Situated on one of Charleston’s most picturesque streets, the 8,500-square-foot Georgian double house is a beauty inside and out. The layout of the main house is traditional, with four principal rooms on each of four floors and a centrally located stairwell connecting them. There’s also a stunning ballroom, a drawing room, a cypress-paneled library. Notable details include 15 fireplaces, delft tiles from the Netherlands, bespoke woodwork and moldings.
Even the kitchen is a period piece. It’s connected to the main house via a corridor and butler’s pantry that overlook the exquisitely landscaped gardens. The kitchen house also has two bedrooms and two bathrooms for live-in staff or guests.
“It’s a really magical place. You walk in the house and you feel transported back in time — in a good way — because of the scale, the original materials and the patina of the house,” adds listing agent Mary Lou Wertz. “The garden is very special as it’s unusually large for downtown, and truly an oasis in the city.”
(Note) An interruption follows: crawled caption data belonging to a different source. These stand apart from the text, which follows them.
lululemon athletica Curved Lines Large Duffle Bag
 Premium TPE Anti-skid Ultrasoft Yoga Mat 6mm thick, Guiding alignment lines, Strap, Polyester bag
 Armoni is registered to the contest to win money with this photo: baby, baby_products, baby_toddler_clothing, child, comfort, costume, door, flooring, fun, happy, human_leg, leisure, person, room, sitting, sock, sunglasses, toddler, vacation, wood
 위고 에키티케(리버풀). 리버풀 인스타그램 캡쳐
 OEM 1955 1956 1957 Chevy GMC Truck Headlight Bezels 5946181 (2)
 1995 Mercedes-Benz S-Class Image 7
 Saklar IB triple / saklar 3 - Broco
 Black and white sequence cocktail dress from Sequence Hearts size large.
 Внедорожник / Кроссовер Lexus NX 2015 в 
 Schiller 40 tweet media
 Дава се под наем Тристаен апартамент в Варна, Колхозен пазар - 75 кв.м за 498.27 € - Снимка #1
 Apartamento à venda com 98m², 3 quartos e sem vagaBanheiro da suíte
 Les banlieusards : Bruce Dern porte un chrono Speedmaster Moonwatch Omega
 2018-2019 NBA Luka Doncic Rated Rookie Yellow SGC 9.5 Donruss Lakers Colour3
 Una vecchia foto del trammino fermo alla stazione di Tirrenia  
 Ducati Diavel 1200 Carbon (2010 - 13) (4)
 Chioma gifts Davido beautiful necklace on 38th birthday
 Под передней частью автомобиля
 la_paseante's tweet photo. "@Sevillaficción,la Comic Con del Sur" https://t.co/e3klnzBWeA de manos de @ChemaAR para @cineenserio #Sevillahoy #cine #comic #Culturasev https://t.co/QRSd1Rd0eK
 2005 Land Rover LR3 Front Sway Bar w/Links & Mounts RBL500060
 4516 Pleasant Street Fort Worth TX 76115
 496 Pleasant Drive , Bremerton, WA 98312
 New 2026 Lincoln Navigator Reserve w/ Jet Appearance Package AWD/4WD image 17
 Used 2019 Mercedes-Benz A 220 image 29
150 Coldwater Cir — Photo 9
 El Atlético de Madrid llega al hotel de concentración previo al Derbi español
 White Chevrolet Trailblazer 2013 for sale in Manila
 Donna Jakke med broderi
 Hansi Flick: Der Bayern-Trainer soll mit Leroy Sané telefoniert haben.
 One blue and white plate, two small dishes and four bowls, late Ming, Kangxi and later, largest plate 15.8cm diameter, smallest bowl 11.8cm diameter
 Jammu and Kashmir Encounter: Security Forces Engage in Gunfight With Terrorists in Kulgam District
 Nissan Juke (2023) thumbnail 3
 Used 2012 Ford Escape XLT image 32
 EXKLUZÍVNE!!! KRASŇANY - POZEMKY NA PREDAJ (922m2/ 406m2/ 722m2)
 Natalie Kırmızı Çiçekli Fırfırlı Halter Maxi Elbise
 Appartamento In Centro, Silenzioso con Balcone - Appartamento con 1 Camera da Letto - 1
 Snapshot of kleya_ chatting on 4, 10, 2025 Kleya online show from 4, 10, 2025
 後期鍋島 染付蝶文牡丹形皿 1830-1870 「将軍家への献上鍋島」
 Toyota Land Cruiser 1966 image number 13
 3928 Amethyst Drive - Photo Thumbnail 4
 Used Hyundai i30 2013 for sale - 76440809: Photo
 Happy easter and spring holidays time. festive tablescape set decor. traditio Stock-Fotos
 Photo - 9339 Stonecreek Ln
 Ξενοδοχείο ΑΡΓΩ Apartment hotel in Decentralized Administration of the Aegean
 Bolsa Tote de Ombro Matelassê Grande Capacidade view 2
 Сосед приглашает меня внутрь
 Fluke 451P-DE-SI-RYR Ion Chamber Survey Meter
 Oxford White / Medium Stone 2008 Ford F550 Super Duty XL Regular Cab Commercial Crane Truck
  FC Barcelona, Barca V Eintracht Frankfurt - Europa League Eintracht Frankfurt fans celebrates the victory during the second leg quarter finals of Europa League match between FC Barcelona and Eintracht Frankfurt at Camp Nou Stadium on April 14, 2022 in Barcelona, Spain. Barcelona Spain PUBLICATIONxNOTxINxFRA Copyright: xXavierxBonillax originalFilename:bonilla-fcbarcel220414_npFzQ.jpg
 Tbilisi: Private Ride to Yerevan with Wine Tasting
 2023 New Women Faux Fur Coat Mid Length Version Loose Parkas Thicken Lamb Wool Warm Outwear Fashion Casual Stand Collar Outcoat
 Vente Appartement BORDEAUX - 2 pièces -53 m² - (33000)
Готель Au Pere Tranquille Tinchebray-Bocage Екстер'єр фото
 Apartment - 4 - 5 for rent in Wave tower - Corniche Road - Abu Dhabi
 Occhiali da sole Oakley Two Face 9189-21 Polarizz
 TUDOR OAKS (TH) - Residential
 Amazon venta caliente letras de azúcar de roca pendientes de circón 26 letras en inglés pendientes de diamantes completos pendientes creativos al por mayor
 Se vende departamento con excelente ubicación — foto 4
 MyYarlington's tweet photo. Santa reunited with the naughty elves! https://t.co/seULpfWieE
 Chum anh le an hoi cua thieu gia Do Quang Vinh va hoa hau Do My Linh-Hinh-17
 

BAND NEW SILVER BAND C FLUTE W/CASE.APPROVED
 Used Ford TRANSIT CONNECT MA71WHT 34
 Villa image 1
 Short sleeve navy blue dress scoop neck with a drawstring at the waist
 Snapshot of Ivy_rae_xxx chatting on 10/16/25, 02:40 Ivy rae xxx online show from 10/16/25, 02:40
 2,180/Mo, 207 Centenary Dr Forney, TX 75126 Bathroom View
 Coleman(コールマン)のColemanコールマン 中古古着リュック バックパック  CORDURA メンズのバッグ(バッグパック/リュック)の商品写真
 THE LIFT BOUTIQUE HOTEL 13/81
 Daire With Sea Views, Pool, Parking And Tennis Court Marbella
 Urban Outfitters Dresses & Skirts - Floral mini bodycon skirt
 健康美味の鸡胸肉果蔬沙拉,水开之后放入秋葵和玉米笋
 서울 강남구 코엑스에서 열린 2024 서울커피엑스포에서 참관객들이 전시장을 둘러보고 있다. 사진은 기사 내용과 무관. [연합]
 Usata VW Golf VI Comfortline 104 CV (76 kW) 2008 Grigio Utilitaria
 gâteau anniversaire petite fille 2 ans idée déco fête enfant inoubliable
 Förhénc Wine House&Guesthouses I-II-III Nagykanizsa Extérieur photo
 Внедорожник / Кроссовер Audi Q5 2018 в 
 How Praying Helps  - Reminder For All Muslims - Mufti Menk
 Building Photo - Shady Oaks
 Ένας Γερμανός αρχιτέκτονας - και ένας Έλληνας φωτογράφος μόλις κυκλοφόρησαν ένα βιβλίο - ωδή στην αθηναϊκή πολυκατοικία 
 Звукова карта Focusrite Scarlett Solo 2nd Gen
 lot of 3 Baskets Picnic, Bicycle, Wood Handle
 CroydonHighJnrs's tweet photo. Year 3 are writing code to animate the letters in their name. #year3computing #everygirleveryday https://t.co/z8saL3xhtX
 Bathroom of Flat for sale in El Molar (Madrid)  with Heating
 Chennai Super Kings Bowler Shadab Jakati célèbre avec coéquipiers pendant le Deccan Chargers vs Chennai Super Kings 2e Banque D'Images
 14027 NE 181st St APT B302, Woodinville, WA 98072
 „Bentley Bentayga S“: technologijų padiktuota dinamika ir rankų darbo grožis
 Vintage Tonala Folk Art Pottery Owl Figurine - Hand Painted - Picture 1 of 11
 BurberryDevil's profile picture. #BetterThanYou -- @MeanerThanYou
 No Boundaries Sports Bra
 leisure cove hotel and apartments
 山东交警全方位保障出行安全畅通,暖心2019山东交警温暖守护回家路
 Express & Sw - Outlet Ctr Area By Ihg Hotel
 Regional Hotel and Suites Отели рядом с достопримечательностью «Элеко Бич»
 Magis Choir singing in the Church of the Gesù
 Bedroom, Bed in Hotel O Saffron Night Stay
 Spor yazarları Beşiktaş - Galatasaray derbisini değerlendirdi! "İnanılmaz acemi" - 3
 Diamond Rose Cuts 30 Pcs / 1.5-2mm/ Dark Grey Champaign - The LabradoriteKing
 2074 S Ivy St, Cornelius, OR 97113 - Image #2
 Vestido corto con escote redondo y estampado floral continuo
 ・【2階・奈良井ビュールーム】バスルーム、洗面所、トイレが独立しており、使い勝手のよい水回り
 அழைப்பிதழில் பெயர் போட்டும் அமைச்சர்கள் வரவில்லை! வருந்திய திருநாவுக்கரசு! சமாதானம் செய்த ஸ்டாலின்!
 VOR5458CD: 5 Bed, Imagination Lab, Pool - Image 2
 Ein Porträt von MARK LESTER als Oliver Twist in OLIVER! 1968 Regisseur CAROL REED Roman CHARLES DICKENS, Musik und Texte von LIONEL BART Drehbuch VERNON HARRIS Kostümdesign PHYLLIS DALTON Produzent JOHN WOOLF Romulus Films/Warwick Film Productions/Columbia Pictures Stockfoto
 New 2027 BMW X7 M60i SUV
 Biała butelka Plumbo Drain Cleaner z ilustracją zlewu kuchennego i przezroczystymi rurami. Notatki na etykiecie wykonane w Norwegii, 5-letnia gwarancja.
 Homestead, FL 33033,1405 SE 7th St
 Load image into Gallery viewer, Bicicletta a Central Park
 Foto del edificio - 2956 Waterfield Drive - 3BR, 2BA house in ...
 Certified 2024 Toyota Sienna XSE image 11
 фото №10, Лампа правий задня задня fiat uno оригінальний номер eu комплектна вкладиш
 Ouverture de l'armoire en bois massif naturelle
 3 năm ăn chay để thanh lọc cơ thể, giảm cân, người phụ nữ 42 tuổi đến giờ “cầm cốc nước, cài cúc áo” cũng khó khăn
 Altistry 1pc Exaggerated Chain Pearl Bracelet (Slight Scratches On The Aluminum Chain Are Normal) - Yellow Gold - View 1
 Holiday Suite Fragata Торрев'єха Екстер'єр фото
An unusual feature is that the height of the third-floor ceilings and windows are the same as those on the first and second, rather than lower. Plus, all seven bedrooms have en-suite bathrooms, another rarity in a historic home. And the 0.29-acre property is home to one of the first pools in downtown Charleston.
The house, with a stucco facade over a brick exterior, was also the site of several historical encounters. Meetings of South Carolina’s colonial legislature — the Commons House of Assembly — were held there. And Colonel James Parsons, who lived in the house, was offered the vice presidency of South Carolina before the United States was formed.
Renowned painter Alice Ravenel Huger Smith, the granddaughter of Declaration of Independence signatory Arthur Middleton, also resided her. She used the home as inspiration for many of her famous watercolors and sketches. She even published a book in 1917 called “The Dwelling Houses of Charleston.”